I ended up getting a PhD in self-knowledge, a PhD in truth. Woohoo! She did not like that at all. And heaven forbid when I became a psychotherapist and I started making a living at that job, helping other people do that. She didn’t like it. She didn’t support it at all. She wanted me to be a broken little domesticated college professor somewhere in a little laboratory, doing nothing, not being useful to anyone, and not challenging her. The pet that she created me to be was not supposed to run away from home and break away from her.

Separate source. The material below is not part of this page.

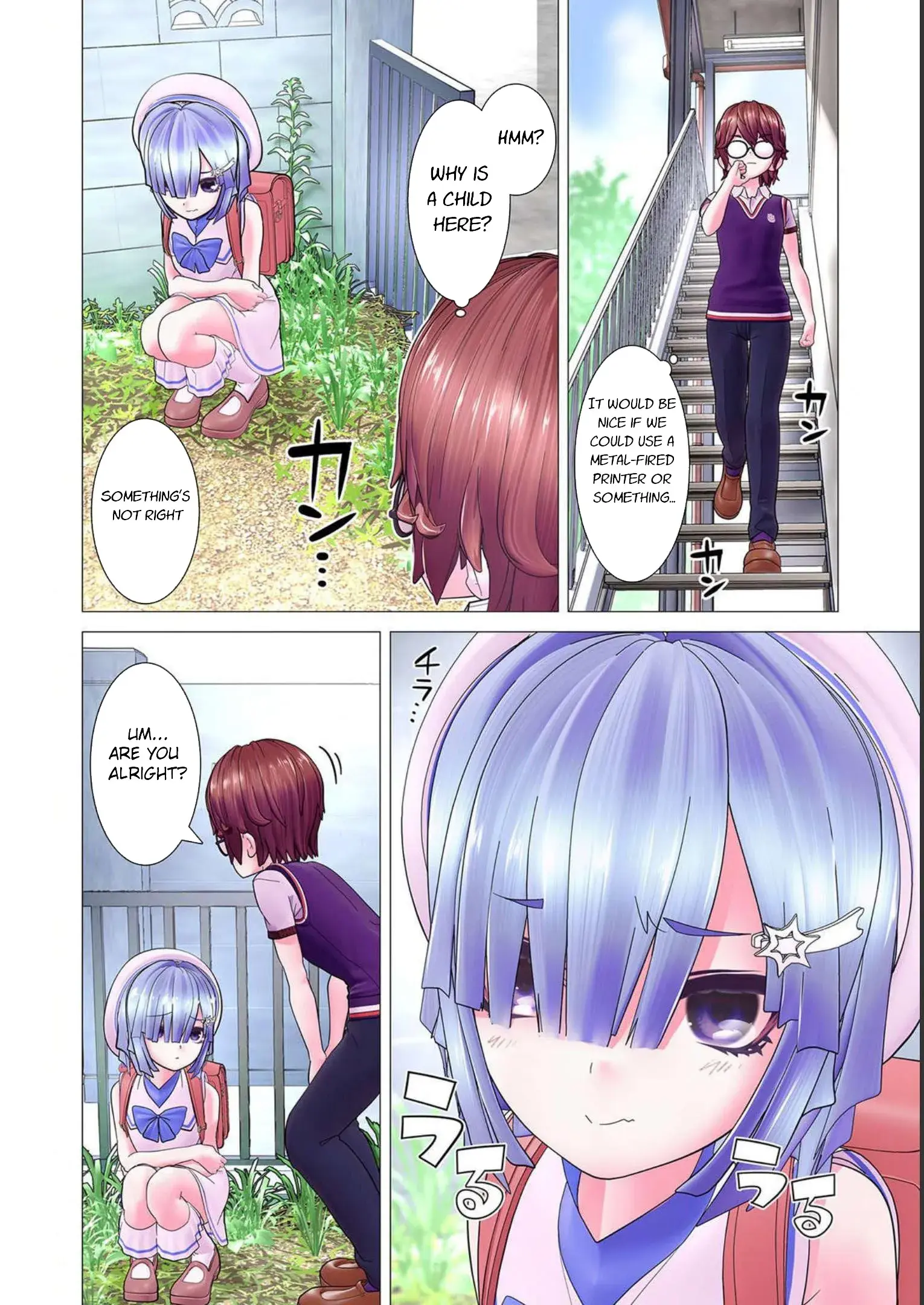 Makina-san's a Love Bot?! — Chapter 5 — Page 16
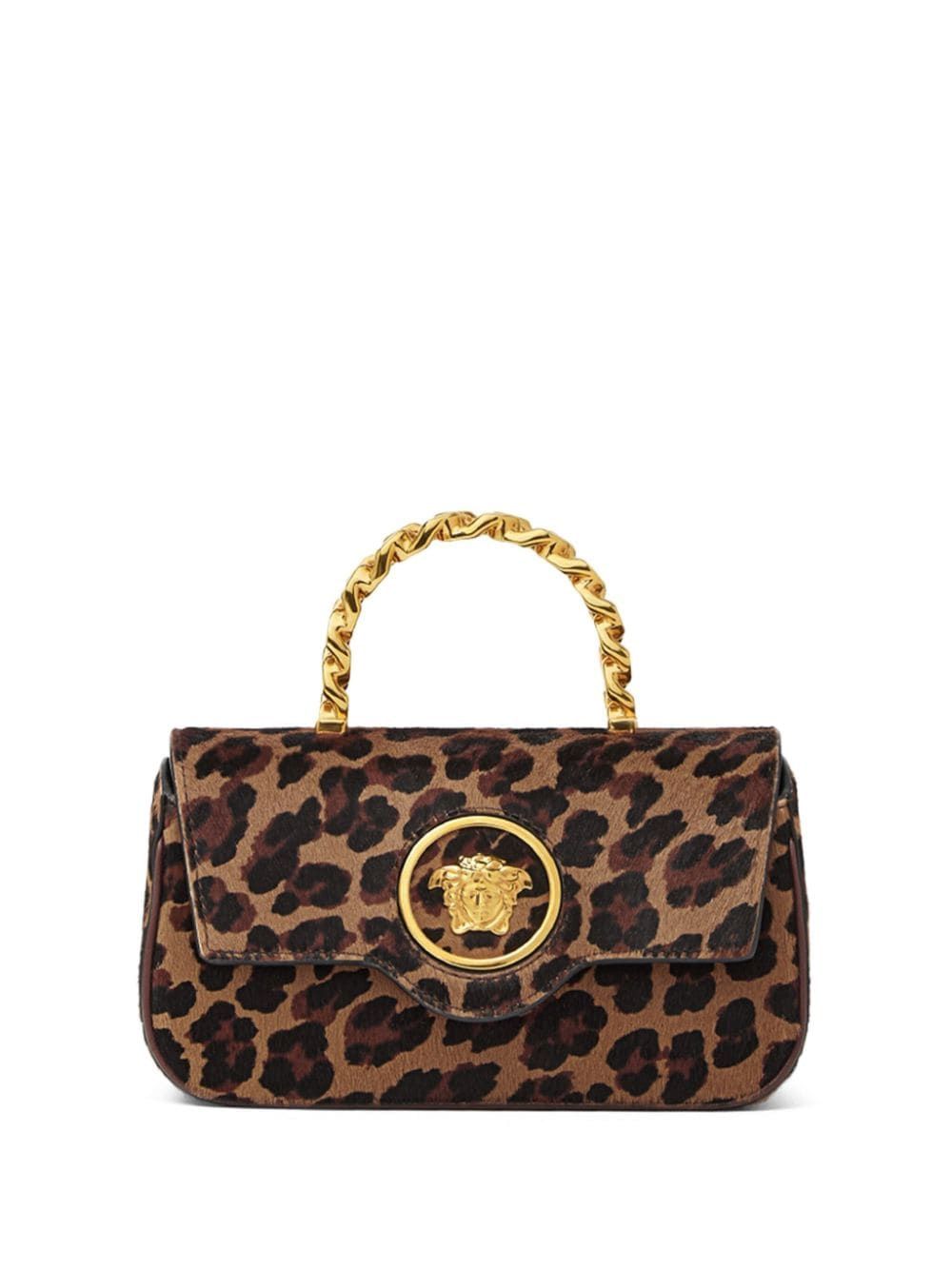 VERSACE ミニトップハンドルハンドバッグ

I had a lot of pets when I was a kid. Some of them were domesticated animals: cats, dogs, parakeets. But some of them were not domesticated animals: snapping turtles and hermit crabs, lizards. I had a pet woodchuck for a while, a wounded woodchuck. A rabbit my cat had caught, a baby rabbit once, and well, I helped nurture it back to health. I loved this rabbit and gave it a name, but it was a wild cottontail rabbit, and I freed it eventually, and it went back into the wild.
Some of the animals died before they ever were freed. I set my snapping turtles free when they grew a little bit bigger. Now I wonder, was that a good idea? Had they become too domesticated? Had they been deprived of the knowledge of how to find food for themselves? Did they go back into the stream from which they came and die? I don’t know. I wish them the best. It’s quite possible some of them are still alive now. If they lived, snapping turtles live decades and decades and decades.
I wonder about this whole idea of pets in general. It’s a little questionable because I often, well certainly living in New York City, I see people mistreat their pets all the time. The dogs who stay inside all day while their owners are at work, and the dogs can’t pee, and they just whine and whine and cry because they want to get outside and they want to socialize with other dogs. Instead, they’re inside, bored out of their minds, waiting for their owner to come home. And well, often their owners don’t empathize with them that well.
I’ve also seen dogs, domesticated dogs, who are abandoned by their owners and form packs and become feral. And cats that are set, well, are abandoned by their owners and become feral, living out in the wild. And the cats seem to do better. They very quickly adapt to becoming feral. I think probably humans are a little bit more like dogs. We’re a bit more domesticated, and the transition back to our wildness is harder, but it’s not impossible.
And with that, I think I’d like to wrap this up, and I would like to do it with this final thought: that the most profound way to return to our wildness is to return to our psychological wildness by healing our traumas and manifesting our true selves as adults.